親のお金は大丈夫か?三つのチェックポイント

 親御さんがご存命の多くの読者にとって、「親のお金」の問題は重要だ。

 個別の事情によるが、成人であって働いている子供よりも、親の方が大きな金融資産を持っているケースは少なくあるまい。親世代は長年資産を蓄えているかも知れないし、子供世代はここ20~30年賃金の伸びが鈍いことに加えて資産を蓄えた年数が親よりも短い。

 率直に言って、親の方が大きな金融資産を持っていて、この資産の相続額が将来の子供の生活に大きく影響するケースが少なくないはずだ。

 特にこうした場合、子供は親の金融資産の状態に重大な利害と関心を持つべきだろう。
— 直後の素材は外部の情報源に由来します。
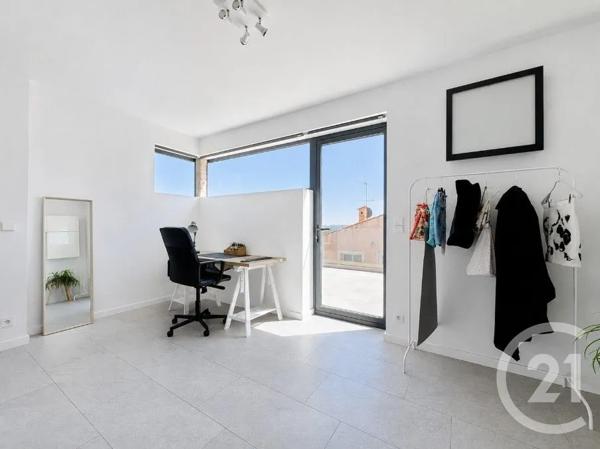 Maison à vendre  4 pièces - 153,27 m 2   CARROS  - 06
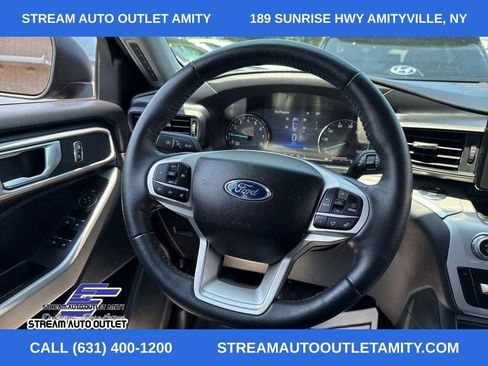Used 2022 Ford Explorer XLT AWD/4WD image 29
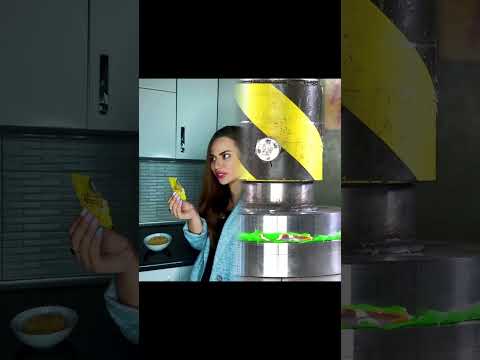 Какая у вас любимая еда быстрого приготовления? 🍔🌭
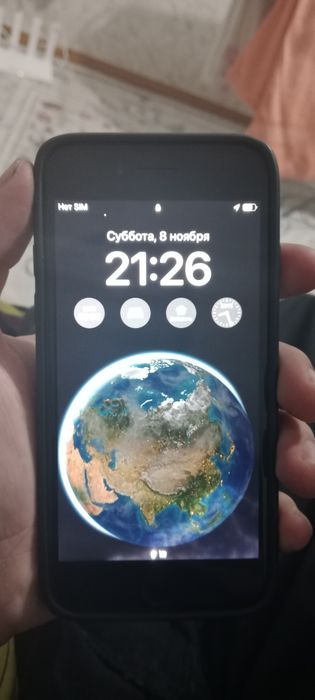 Айфон 8 продам...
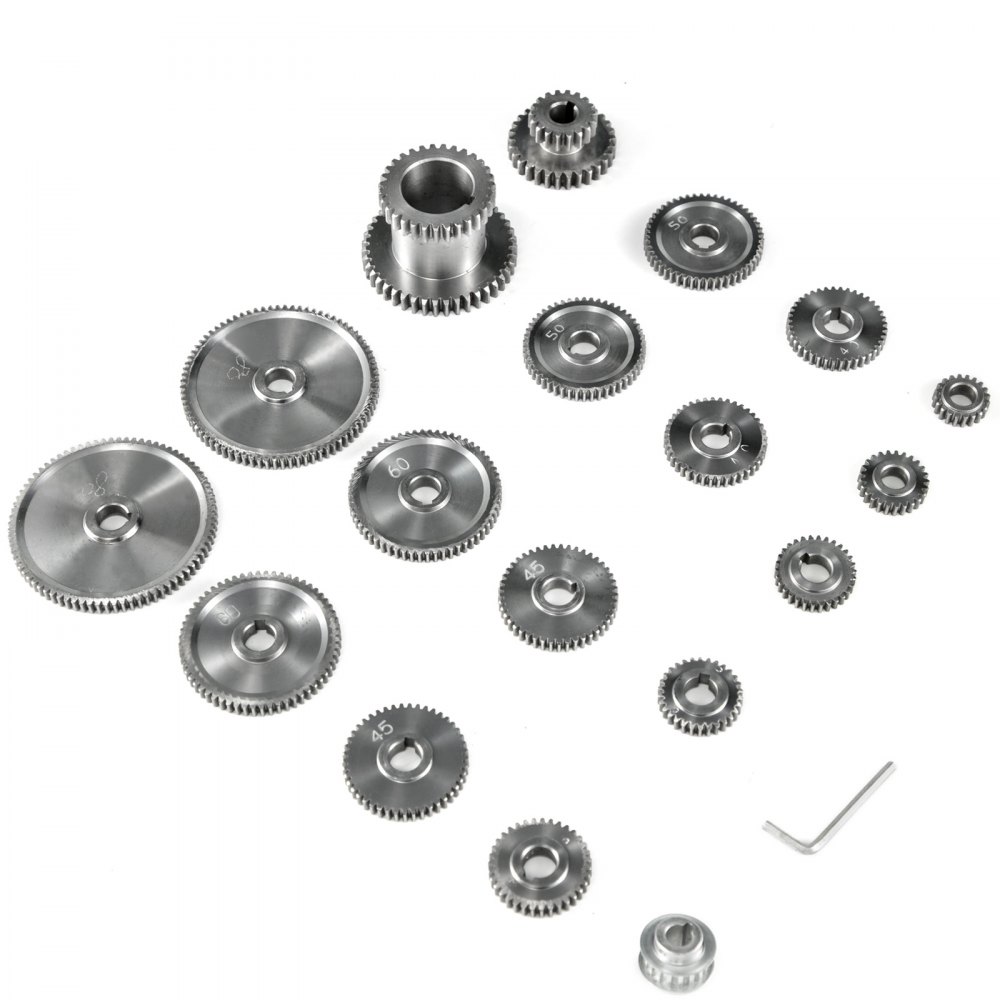 Surtido de engranajes de mini torno VEVOR y llave hexagonal pequeña sobre fondo blanco.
自分の問題でもあるのだ。

 再び、強く言いたい。「親の金融資産の状態に関心を持つべきだ」。

 それでは、親の金融資産について、何をチェックしたらいいのだろうか。大まかには、以下の3点だろう。

(1)親の金融資産の在処(とできれば金額)
(2)親の金融資産の具体的な保有対象
(3)親と取引金融機関との関係

 先ず、親の金融口座の在処は是非とも知っておくべきだ。例えば、10年間動きの無い銀行預金は「休眠預金」になってしまう。銀行の本店に利益として吸収されてしまい、将来遺族がその存在に気づいても、故人の預金を払い戻して貰えるかには不確実性が生じる。もちろん、気づかなかったらそのままだ。

「金額まではいいから、どこの金融機関にどんな状態でお金があるのかだけは、いつ死んでも分かるようにしておいて欲しい」と親に伝えるべきだ。

 もちろん、できることなら、親が実際にどのような状態で幾ら金融資産を保有しているのかを把握しておきたい。

 銀行預金だけという状態なら運用としてはもったいないが、悪い金融商品を持っていないという点でほっとするかも知れない。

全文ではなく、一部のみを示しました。